COLLECTED MATERIAL ▸
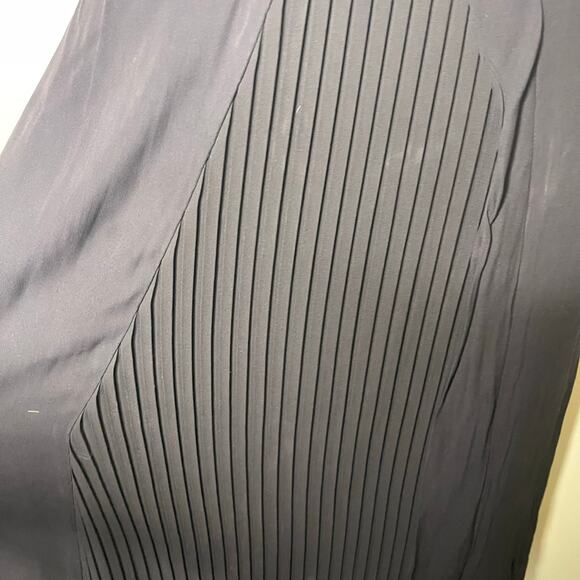 Brochu Walker Pleated Front Detail Black Onyx Silk HILDE Midi Dress SMALL sz S - Picture 12 of 13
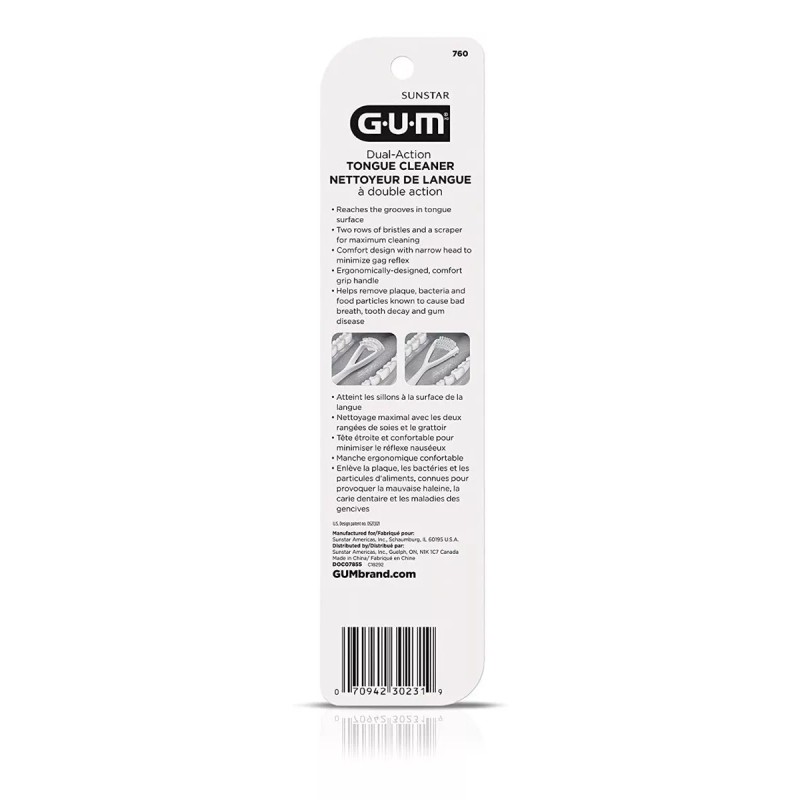 Gum Cepillo Limpia Lenguas Doble Acción ( 2 Pz )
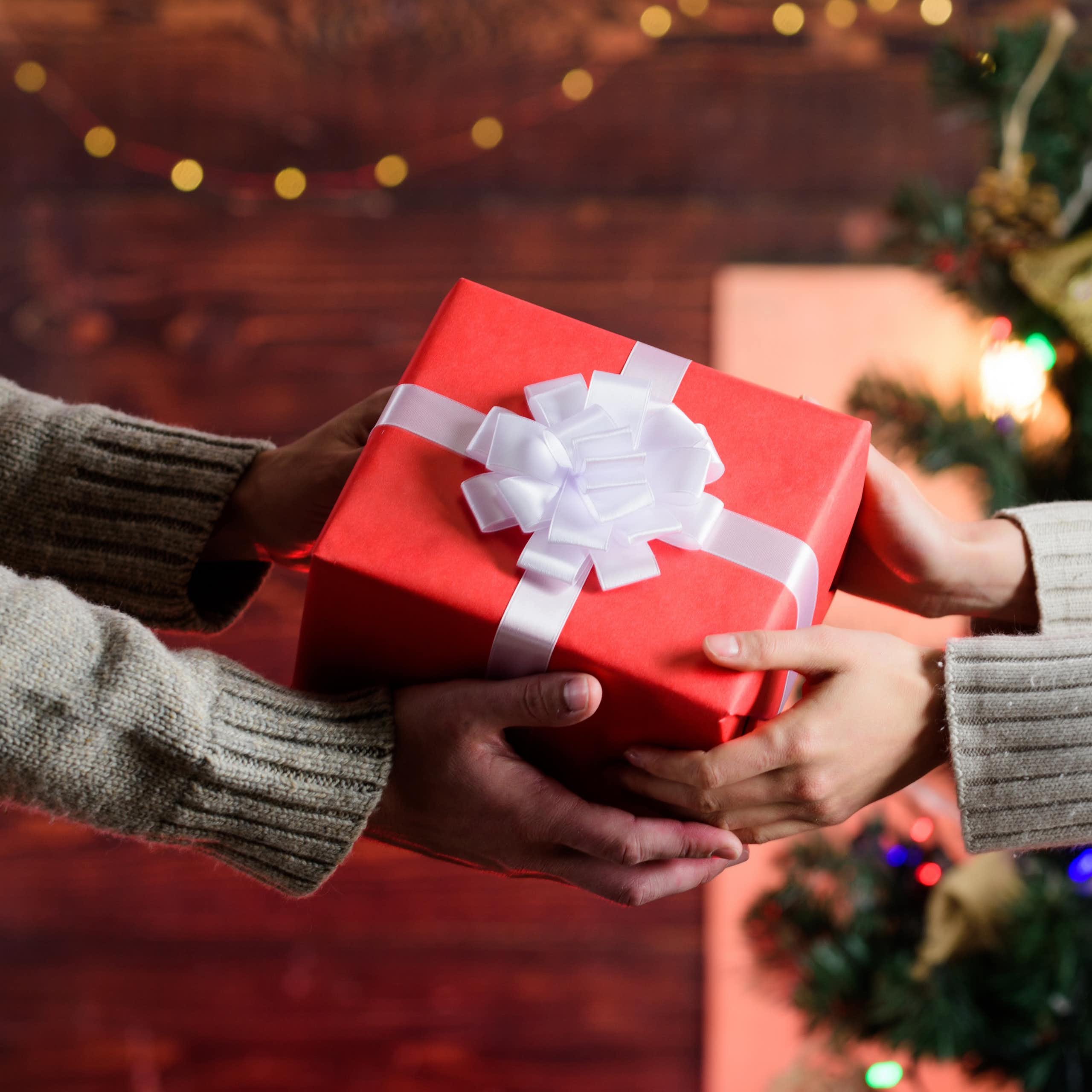 Xmas gift being handed over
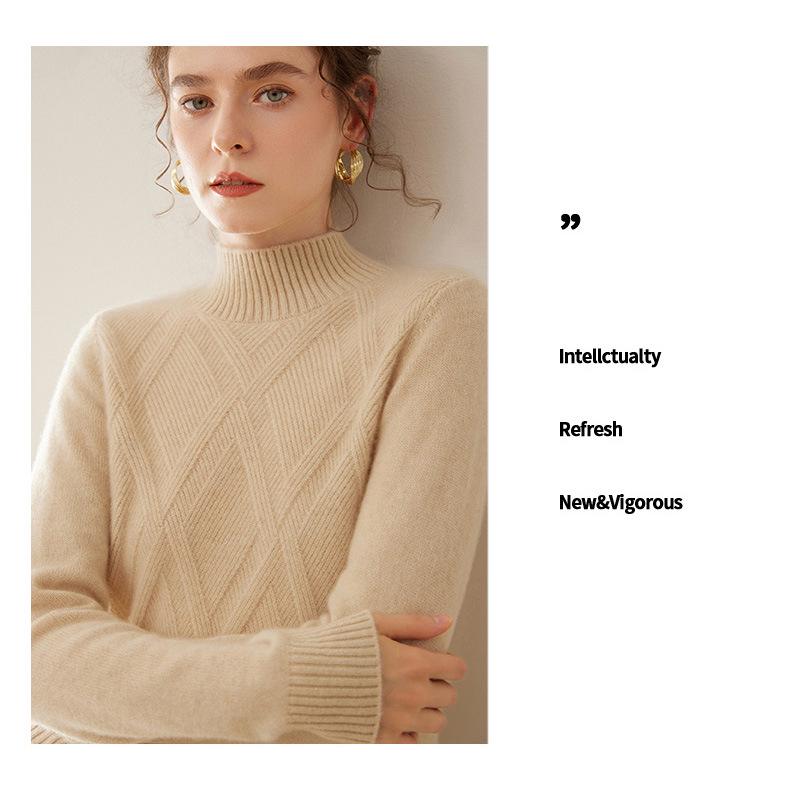 Women's 2025 Fall/Winter Seven-Stitch Cashmere Half-High Neck Long Sleeve Pullover Sweater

EXERCISE PROMPT ▸ Transcribe all of the material exactly and leave out its pictures.

TASK RESPONSE ▸
 Brochu Walker Pleated Front Detail Black Onyx Silk HILDE Midi Dress SMALL sz S - Picture 12 of 13
 Gum Cepillo Limpia Lenguas Doble Acción ( 2 Pz )
 Xmas gift being handed over
 Women's 2025 Fall/Winter Seven-Stitch Cashmere Half-High Neck Long Sleeve Pullover Sweater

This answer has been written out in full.